Crypto got everything it wanted. Now it’s sinking
The slump could spread across financial markets
ON JANUARY 3rd it will have been 17 years since Satoshi Nakamoto, the pseudonymous founder of bitcoin, first unveiled the cryptocurrency. The most popular digital coin has cemented itself in the global financial order faster than any other asset. In recent years the crypto industry has gone from an object of mockery in mainstream finance and the target of outright hostility from regulators to being broadly accepted, even encouraged. Banks and asset managers are launching products and the latest cast of American regulators are crypto enthusiasts. In October bitcoin’s market value peaked at $2.5trn.

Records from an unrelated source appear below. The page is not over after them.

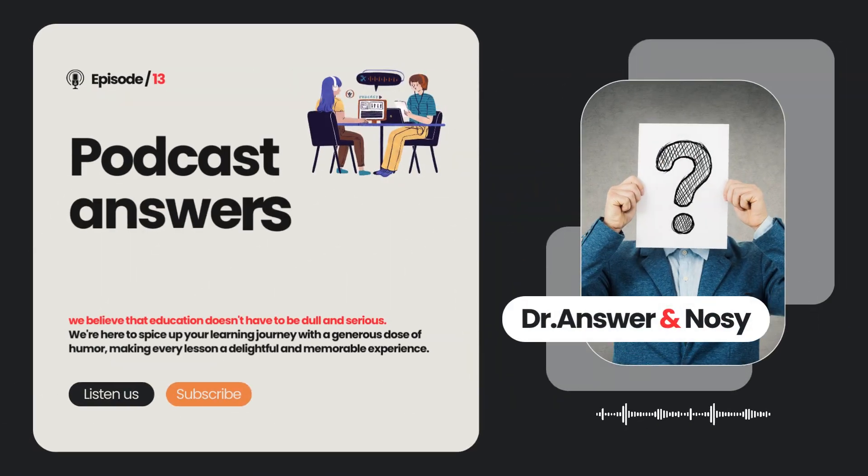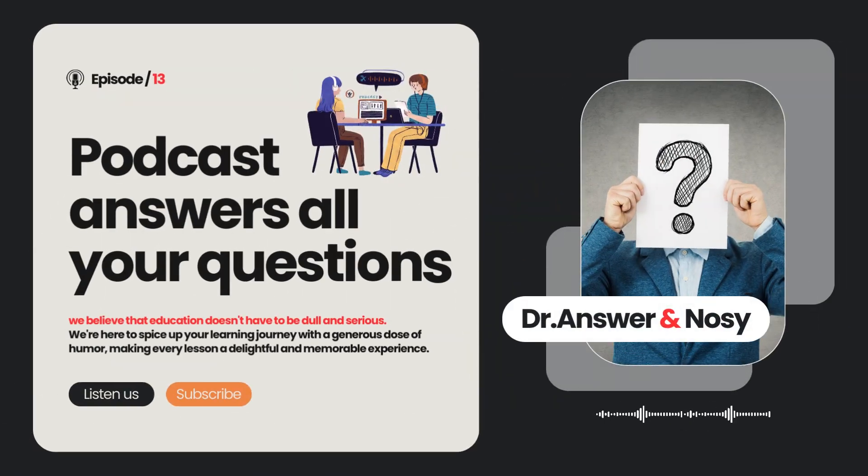Hello, wonderful listeners, and welcome to another episode of Dr. Answer and Nosy, the podcast where we unravel the quirkiest questions with a splash of humor and a sprinkle of science. Today, we're diving into a question that's as puzzling as trying to find matching socks.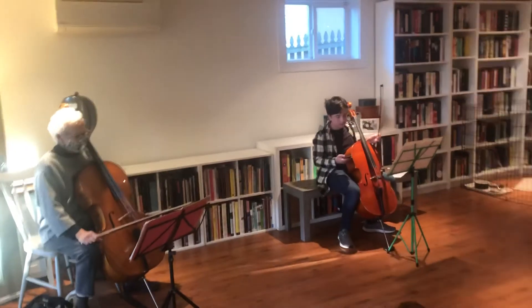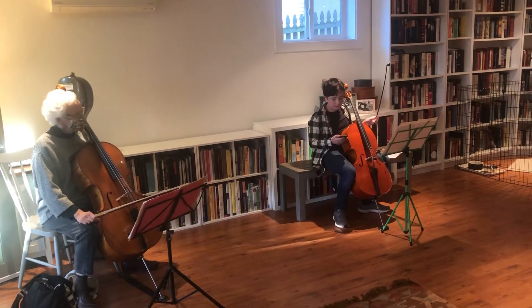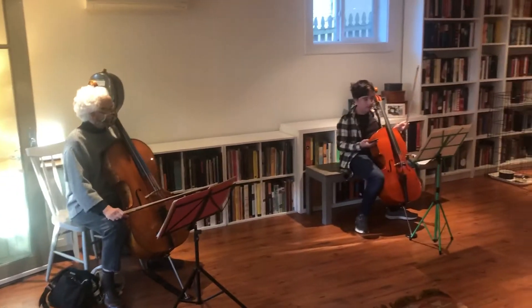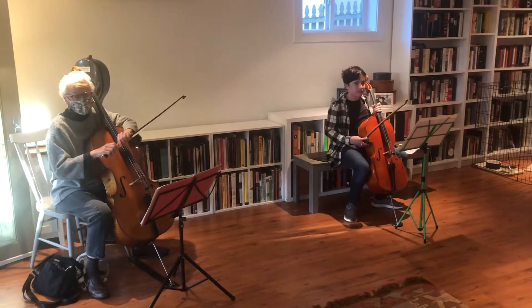So not in C major for cello and piano, but I'm just doing it for cello, obviously. So it's Verbald's most famous piece, I think, and it was written in the late 18th century. We're doing the first movement. The next time around you'll hear the second movement.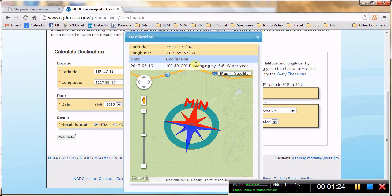So this is the number you want to use to set your adjustable declination screw on your folding mirror compass. And you want to make sure that it is east.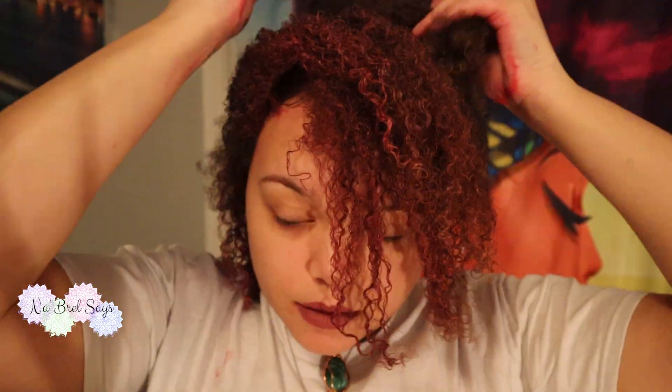This is crazy looking. I probably should have started in the back. Because I am struggling to see what I'm doing, I'm going to move to the back of my head and continue to apply the wax in small sections. Once I've finished one side, I'm going to do the same on the opposite side, working from the back of my head to the front.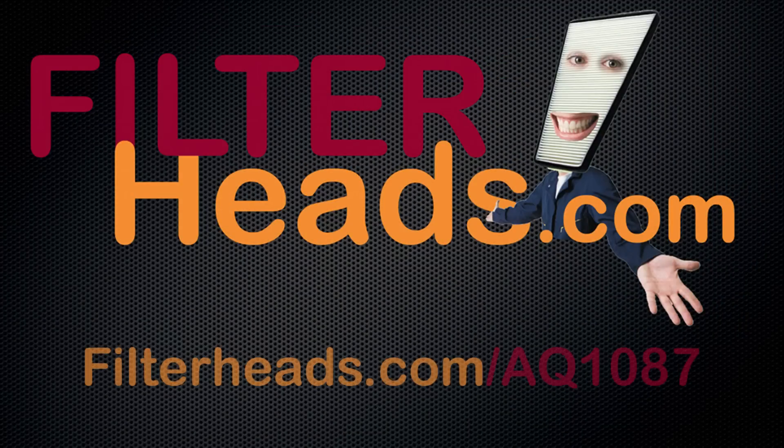Purchase this filter at Filterheads.com/AQ1087.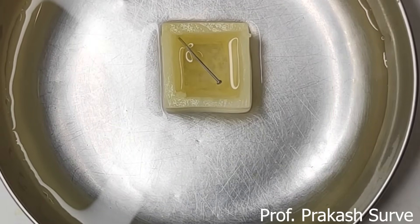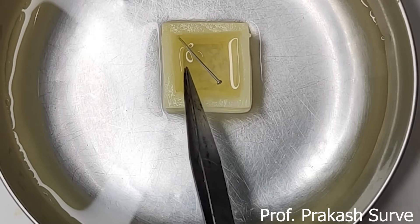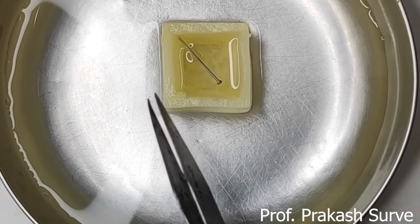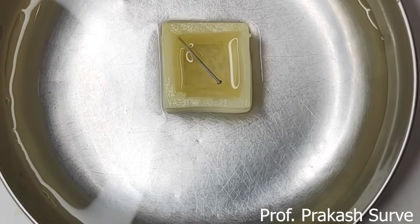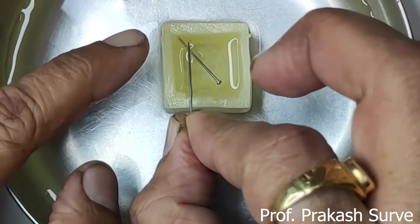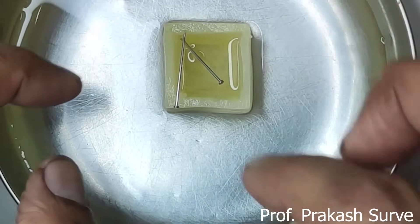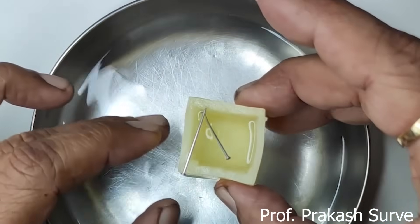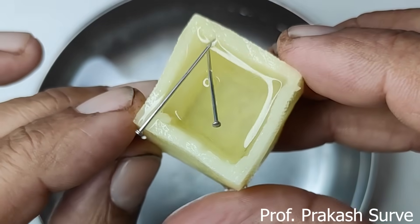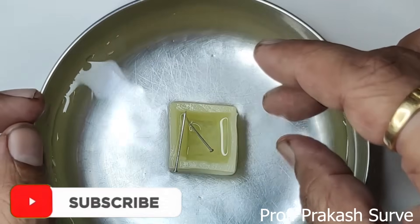After one hour, we got the result. The level of the inner salt solution has risen up because water has travelled from outside to inside — this is called endosmosis. You can check the level: here is the initial level marked by the pin, and now the water has risen up to here. You can see the difference between both levels. It has risen up to the top, demonstrating endosmosis.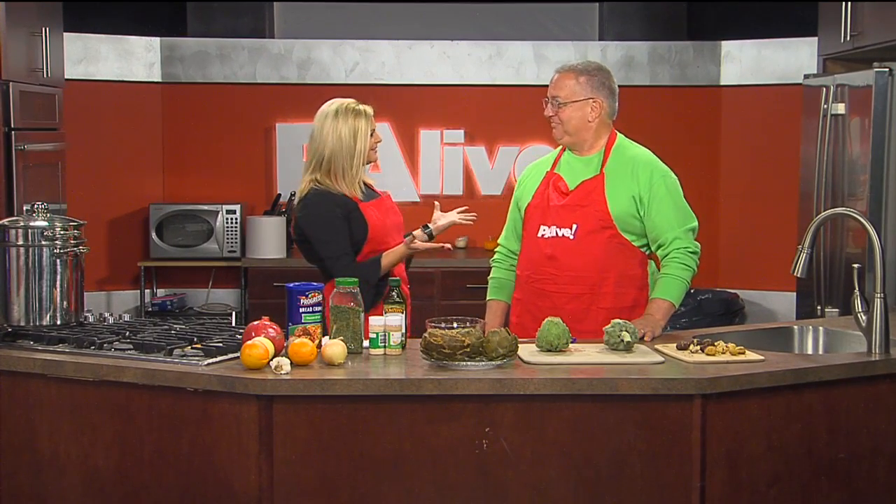We're back live in the PA Live Kitchen. With us today, my dad, Fred Bianco, is here. We're so happy to have you on PA Live. Happy to be here.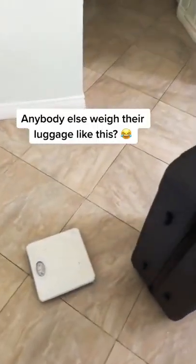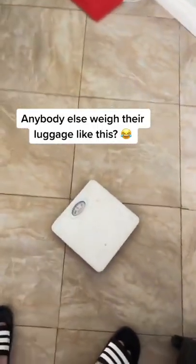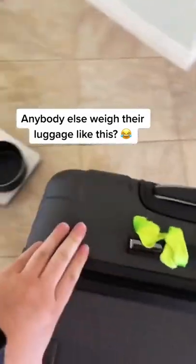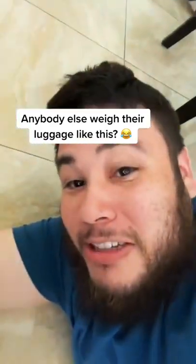Before we would go on the flight, my dad would get this scale from the restroom, put an olla on there, and then just put the luggage on. And I remember someone even having to be down on the floor so they can tell dad if we're good on the luggage or if we gotta take some stuff out.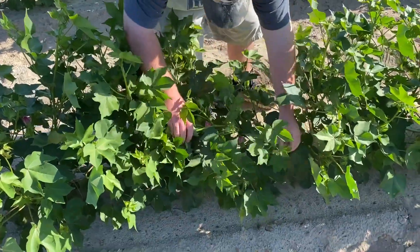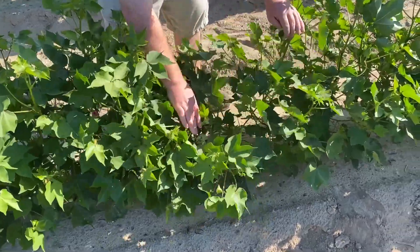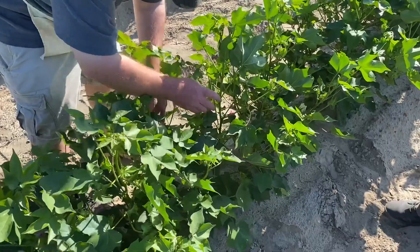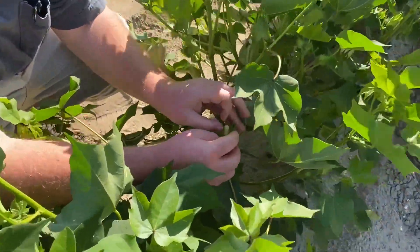When crossing cotton plants, a total of two days are required. The first step when making crosses is to find what is called a candle, which is a mature flower that has yet to open on the mother plant, in the afternoon of the first day.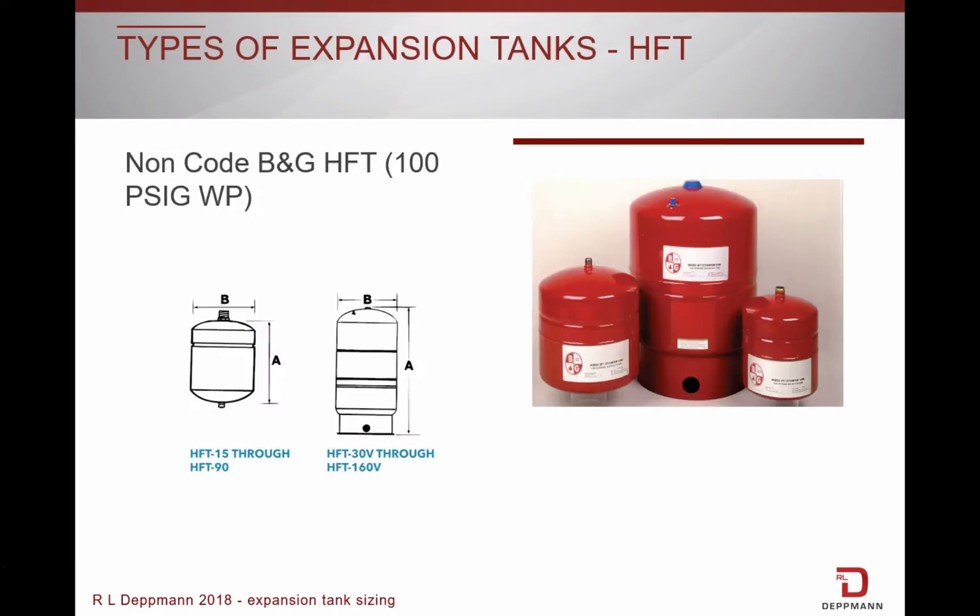The Bell & Gossett HFT diaphragm tanks are designed for hydronic heating systems and range in size from 2 gallons to 86 gallons. The diaphragm is made of heavy-duty butyl rubber. These are non-ASME rated tanks.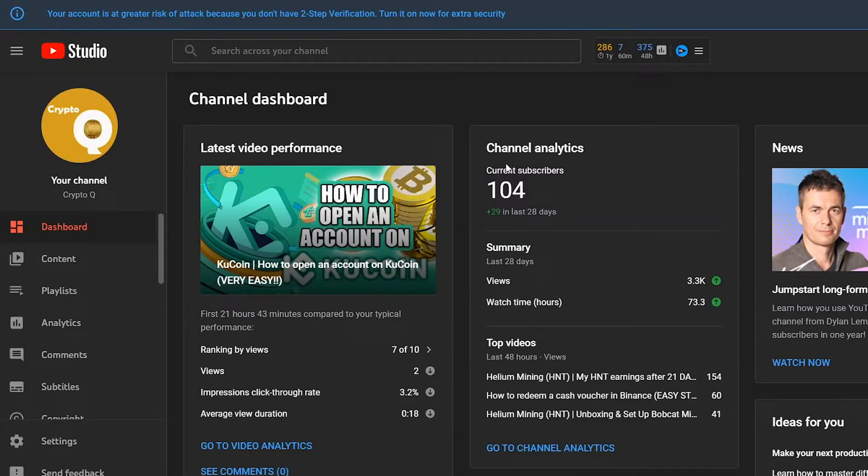Welcome back to the channel. Before we get into this video, I would like to shout out each and every one of you for helping us get to our 100 subscriber goal. Our new goal is 500 subscribers, so if you're new to the channel, we would really appreciate it if you click that bright red button below and join the community.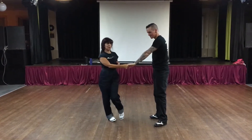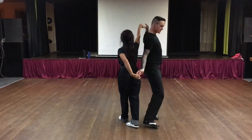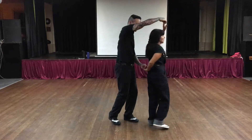Our second move we did — we'll just spin off here — we went into that continuous Spanish arm, which is like a pretzel, coming through here. Remember not to lock the elbows or the shoulders. I'm doing this as well as I can so you guys can remember it.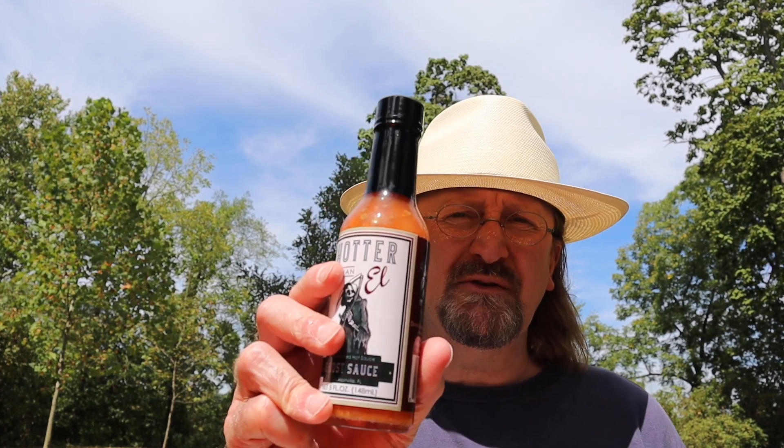I like ghost pepper, and the ingredients include distilled vinegar, diced tomatoes with tomato juice, salt, carrots, onions, garlic, and of course Bhut Jolokia peppers. I've heard a lot of good things — I've tried some of Hotter Than L's sauces before and liked what I've tried. They're a company that has no artificial flavors or colors in their sauces and they're out of Jacksonville, Florida. So I'm going to try this right now and give you my review.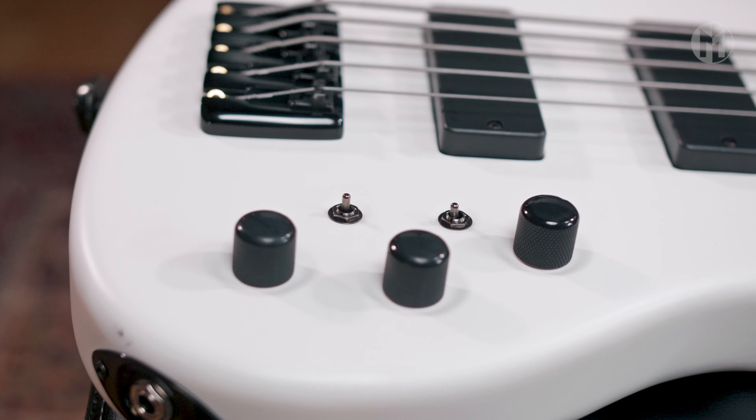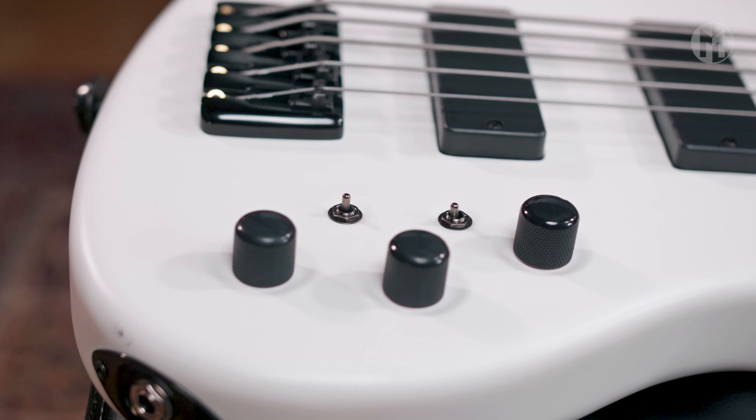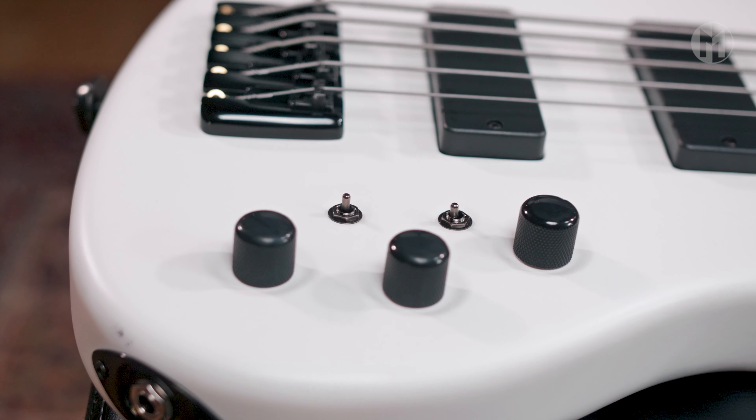The Elwood is equipped with Delano SBC5 HES pickups and passive electronics, with two mini-switches to choose between serial, single coil, and parallel mode — one for each pickup.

Odd as it might seem, these victories now pose a problem for crypto. Prices have tumbled: bitcoin has dropped from an all-time high of around $126,000 in early October to just above $92,000. For a speculative asset—one which produces no income and relies solely on hopes for future capital gains—the absence of a fresh bullish narrative to justify further price rises is a challenge. And because wider acceptance has deepened crypto’s links with other markets, the ripple effects from the dip will be felt far beyond the industry.
It is hard to say anything with confidence about the future direction of an asset like bitcoin. Many investors (and financial journalists) have tried, and failed. But there has been a clear pattern to rallies in recent years. Every exhilarating upswing has been bound up with optimistic stories about greater acceptance.
In 2020 and 2021 lockdowns and fiscal largesse were paired with the increasing provision of crypto trading by mainstream brokers. From late 2023 hopes rose that crypto exchange-traded funds would soon be launched. And, indeed, the first ETF applications were approved by America’s regulators in January 2024. Donald Trump’s election victory in November that year gave bitcoin another boost.
Today investors have no trouble getting their hands on bitcoin. Brokers offer access to a range of crypto assets to anyone with a phone. Some big investors have stayed away. This month crypto enthusiasts cheered the news that the Czech central bank had purchased $1m in bitcoin and other cryptocurrencies. But that was a drop in the ocean relative to the bank’s $171bn in reserves. And most central banks still rule out including digital assets in their defensive hoards. The scope for higher trading volumes, then, seems limited.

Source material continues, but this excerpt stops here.